E aí chegamos ao mais realista dos três: o SOM — Serviceable Obtainable Market. O SOM é o mercado que a empresa realisticamente pode conquistar agora, levando em conta concorrência, preço, marketing e hábito de consumo.

No caso do Premiere, estamos falando de pessoas dispostas a pagar entre R$ 30 e R$ 60 por mês por um serviço de streaming esportivo. E sim, as opções gratuitas estão por aí, um pouco mais complicadas, mas suficientemente acessíveis para quem quer economizar. Isso muda tudo.

Porque o SOM não é sobre quantas pessoas gostam do produto, e sim quantas estão dispostas a pagar o preço que você cobra, sabendo que existem alternativas. Ele é o choque de realidade entre o plano de negócios e o comportamento humano.

A ilusão dos bilhões perdidos

A mesma lógica vale para o futebol, para o cinema, para a moda e até para o e-commerce. Quando a Nike diz que “perde bilhões com falsificações”, o que ela está realmente dizendo é que há milhões de pessoas vestindo seu logo sem jamais ter pago por ele.

Mas boa parte dessas pessoas nunca compraria uma camisa original de R$ 350, mesmo que as falsificadas sumissem do mapa. Elas simplesmente não têm esse dinheiro, ou esse interesse. Pagam R$ 100 na pirata porque é o que faz sentido para elas.

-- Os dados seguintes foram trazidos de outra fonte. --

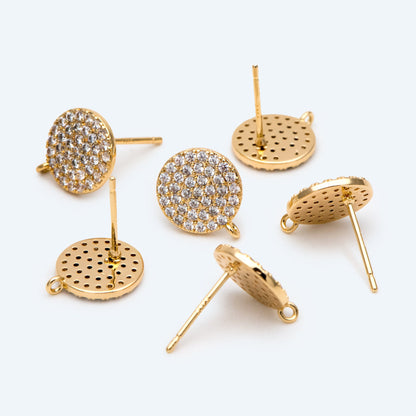 4pcs CZ Pave Disc Earring, 11mm, Dainty Earring, Jewelry Making, Diy Material, Jewelry Supplies (#GB-2749)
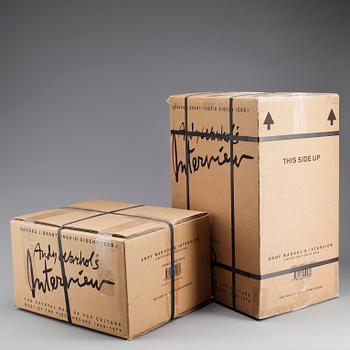ANDY WARHOL, efter. Box samt rullvagn, "Andy Warhol Interview". Design: Karl Lagerfeld & Gerhard Steidl.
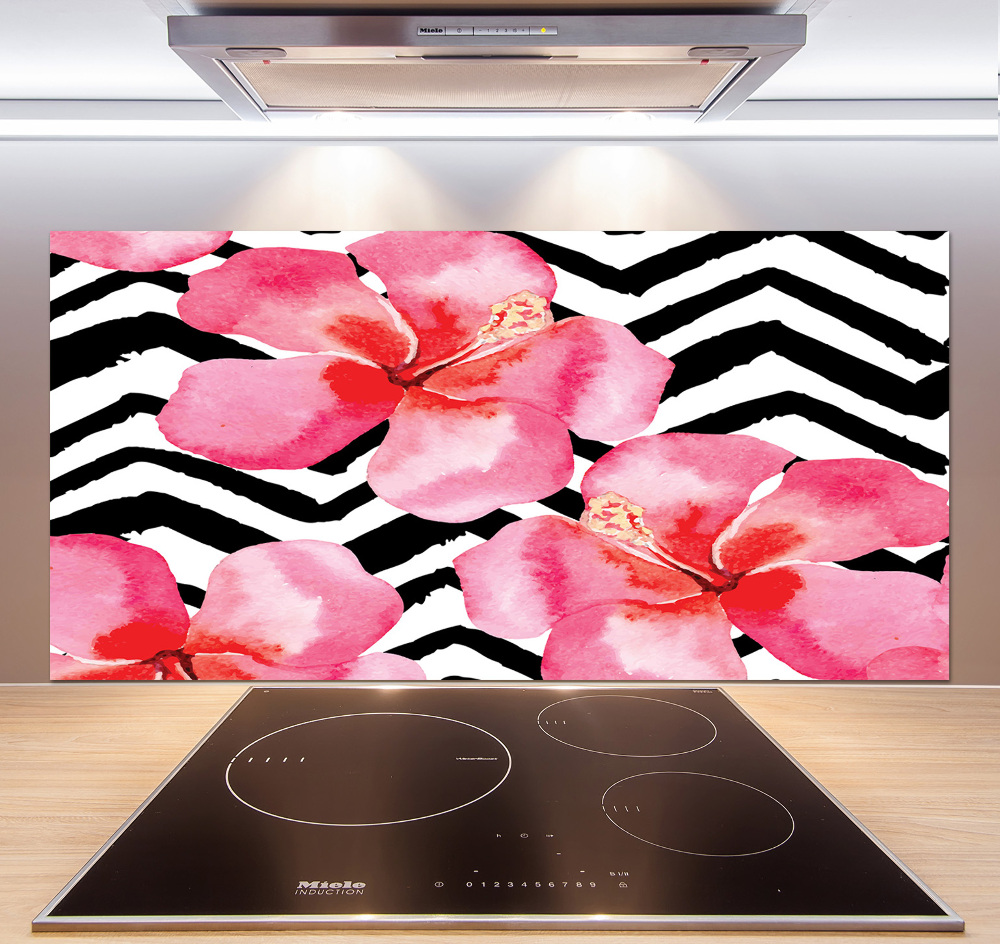 Kitchen splashback Hawaiian flowers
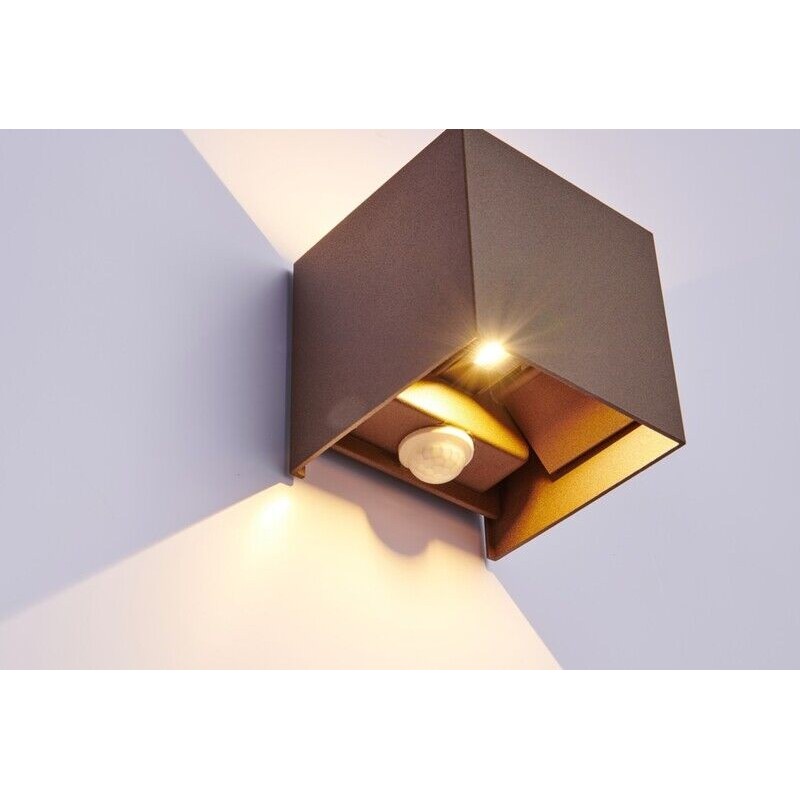 Aplique LED MLUX Cubo C/ SENSOR Corten 4000K 10W IP65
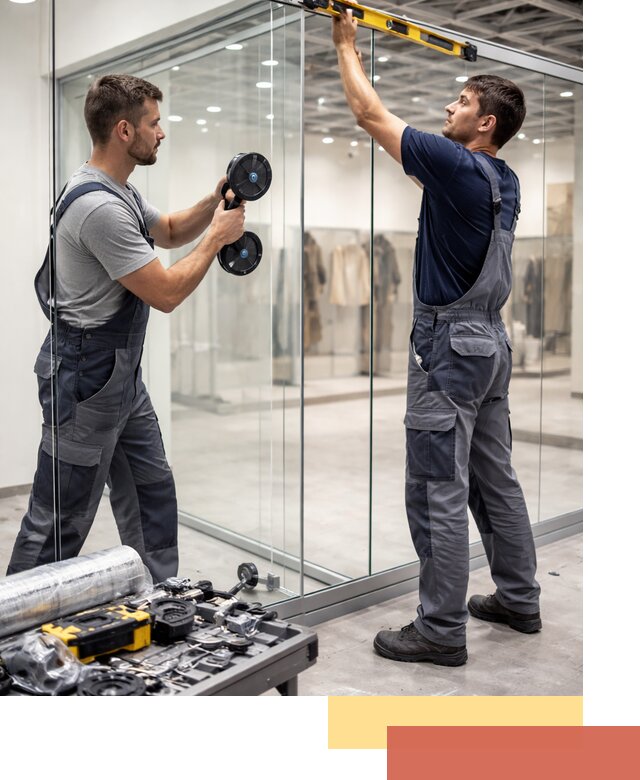 Стеклянные перегородки для магазинов в Геленджике — монтаж и установка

A Nike não está perdendo esses clientes. Ela nunca os teve. Eles não estão dentro do SAM, muito menos do SOM. São parte do TAM, o mercado total, teórico, onde a vontade de vender é maior que a realidade de compra.

Por que isso importa para qualquer negócio

Quando uma empresa confunde TAM com SOM, ela acaba inflando suas projeções, esticando metas e se frustrando no caminho. É como planejar o churrasco do bairro inteiro quando, na prática, só os vizinhos do prédio aparecem. O resto nunca esteve na lista de convidados.

Compreender o tamanho real do mercado é o que separa ambição de ilusão. O TAM serve para inspirar, o SAM para planejar e o SOM para agir. É no SOM que a empresa vive, fatura e cresce.

O mercado real vive no chão, não no PowerPoint

A Globo não perde meio bilhão por causa da pirataria, e a Nike não perde bilhões por causa das falsificações. O que existe são mercados paralelos, compostos por pessoas que não fariam parte do público pagante de qualquer forma.

Claro que tem como você aumentar o seu SOM. Se o maior problema para consumirem algo que você vende é o preço, você pode dar desconto na assinatura anual, ou até desmembrar o pay-per-view para quem quiser assinar só os jogos do seu time, pagando menos.

Tem uma empresa de games que ZEROU a pirataria no Brasil. Não foi criando maneiras mais difíceis de piratear. Foi deixando o jogo tão acessível que não valia a pena ter trabalho de dar um jeito ilegal de jogar o Heartbound. Era muito mais fácil comprar barato direto no Steam. Ah, e mesmo assim, o Brasil foi responsável por 25% do faturamento da empresa. Baixaram o preço, zeraram a pirataria e faturaram mais.

Empresas sólidas crescem quando entendem que o mercado total não é o que se quer conquistar, mas o que se pode realmente servir. E tudo bem que nem todo mundo vá pagar. O segredo está em dominar o espaço onde o desejo encontra o bolso, ou inventar maneiras de alcançar mais gente.

Então, da próxima vez que alguém disser “se todo mundo pagasse…”, lembre-se: nem todo mundo é seu cliente. E talvez essa seja a melhor notícia do dia.